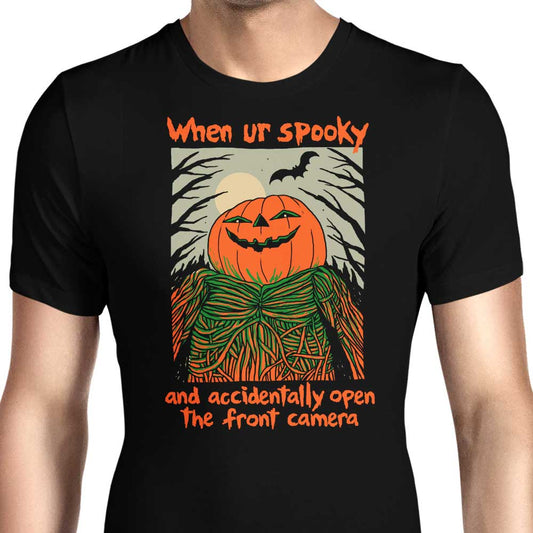 Spooky Selfie - Men's Apparel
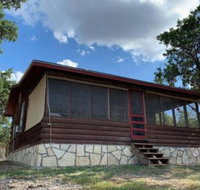 Bandera Vintage River Cabin - Tourism Bookings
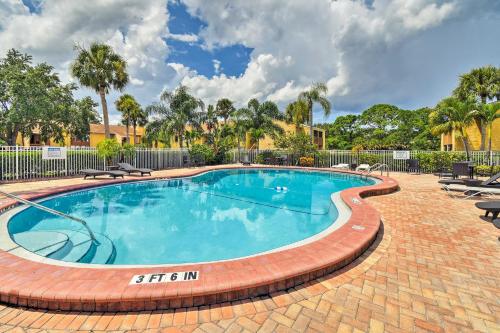 Updated Sienna Park Condo - 4 Miles to Siesta Key! - main image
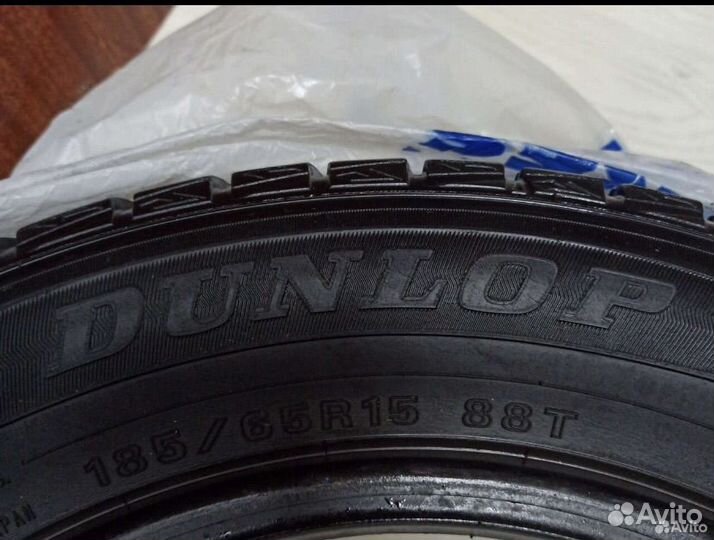 Dunlop SP Winter Maxx WM01 185/65 R15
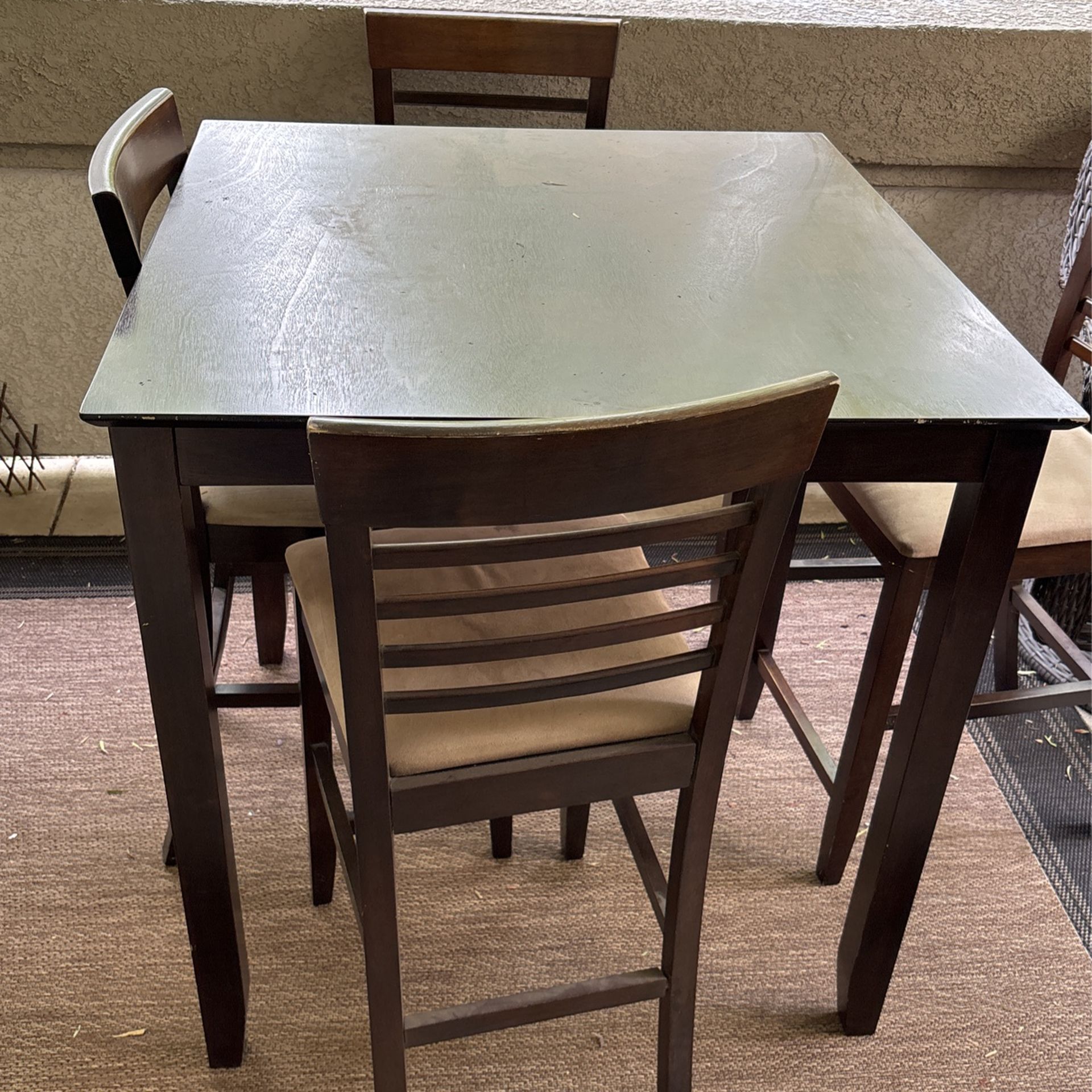 Small Table With 4 Chairs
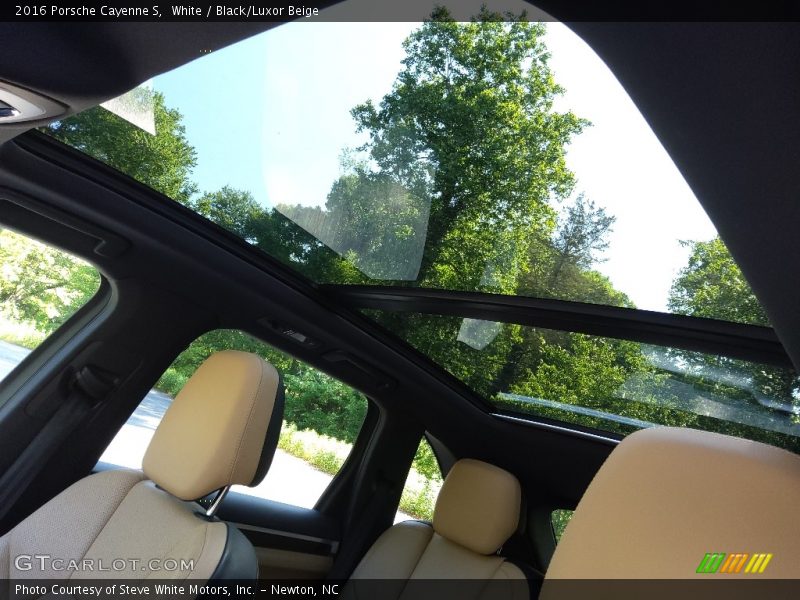 Sunroof of 2016 Cayenne S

----------

**INSTRUCTIONS TO FOLLOW**
Print the records above word for word, omitting any picture they contain.

**OUTPUT OF THE TASK**
 Spooky Selfie - Men's Apparel
 Bandera Vintage River Cabin - Tourism Bookings
 Updated Sienna Park Condo - 4 Miles to Siesta Key! - main image
 Dunlop SP Winter Maxx WM01 185/65 R15
 Small Table With 4 Chairs
 Sunroof of 2016 Cayenne S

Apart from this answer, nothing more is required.